Raw sequencing reads were aligned to the human genome (hg19) using STAR aligner [19] and expressed as fragments per million mapped reads (FPKM). Designation of intrinsic molecular subsets for SSc patients was performed using a gene-specific normalization method to render RNA-seq values distributions similar to microarray so that supervised machine learning algorithms can be applied regardless of the platform used to generate data, as described [20]. Normalized RNA-seq data were classified using a support vector machine trained using a merged and curated dataset composed of samples from GSE9285, GSE32413, and GSE45485. To visualize results, the probe ID list from Johnson et al. [4] was collapsed on gene ID. This gene list was compared against normalized FPKM values for all 36 RNA-seq samples, resulting in a total of 1010 overlapping genes; a full list of all genes and normalized expression values is shown in Additional file 1: Table S1. Data were then hierarchically clustered using Cluster 3.0 [21] and visualized using Java TreeView [22].

Metagenomic filtering and microbiome annotation

Metagenomic filtering and microbiome annotation was run using the Integrated Metagenomic Sequencing Analysis (IMSA) software package [23] and compared against the National Center for Biotechnology Information (NCBI) non-redundant nucleotide database (minimum significance = 1 × 10− 15), followed by a secondary BLAST alignment against the NCBI viral genome repository (minimum significance = 1 × 10− 5).

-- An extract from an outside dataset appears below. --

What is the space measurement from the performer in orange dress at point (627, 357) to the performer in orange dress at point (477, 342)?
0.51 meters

To limit inclusion of spurious hits, sample annotation was limited to sequences mapping to five or fewer species, with ties split equally across species. Outputs were then filtered based on taxonomy to include only archaea, bacteria, fungi, and viruses. Normalization of taxonomic outputs was performed by rounding down to the nearest integer and rarefying to the level of the depth of the lowest sample using the Quantitative Insights Into Molecular Ecology (QIIME) platform [24]. Batch effects associated with library preparation were removed by median centering across taxa. Statistical analyses were performed using Statistical Package for the Social Sciences (SPSS) software (IBM, version 23); additional analyses, including corrections for multiple hypothesis testing using the method of Benjamini & Hochberg [25], were performed in R.

Pathway activation and microbiome abundance

Single-sample gene set enrichment analysis (ssGSEA) [26] was run as a module in GenePattern, using relevant KEGG pathways as the query gene sets. A correlation matrix was then generated by calculating Pearson’s correlations for all combinations of ssGSEA values and genus-level abundance across all patients. Data were then hierarchically clustered using Cluster 3.0 and visualized using Java TreeView.

Results

Patient characteristics

Lesional forearm skin biopsies were collected from 23 SSc patients; seven patients also provided biopsies of non-lesional back skin. Forearm skin biopsies were also obtained from 6 age- and gender-matched healthy controls. Samples were collected from three independent clinical centers and included both clinically limited (lSSc) and diffuse (dSSc) disease, with disease duration ranging from 0 to 35 years. The patient population consisted primarily of early-stage patients (disease duration ≤ 2 years), though a handful of very late-stage patients (disease duration > 10 years) were also included to assess microbiome changes over time. Clinical information on these patients is summarized in Table 1; a full breakdown of patient clinical information is presented in Additional file 2: Table S2. Assessments of skin involvement were determined based on overall modified Rodnan skin score (mRSS), as local scores were not available for all patients. No significant differences in age, sex, or race were evident between SSc and controls (p > 0.05 for all).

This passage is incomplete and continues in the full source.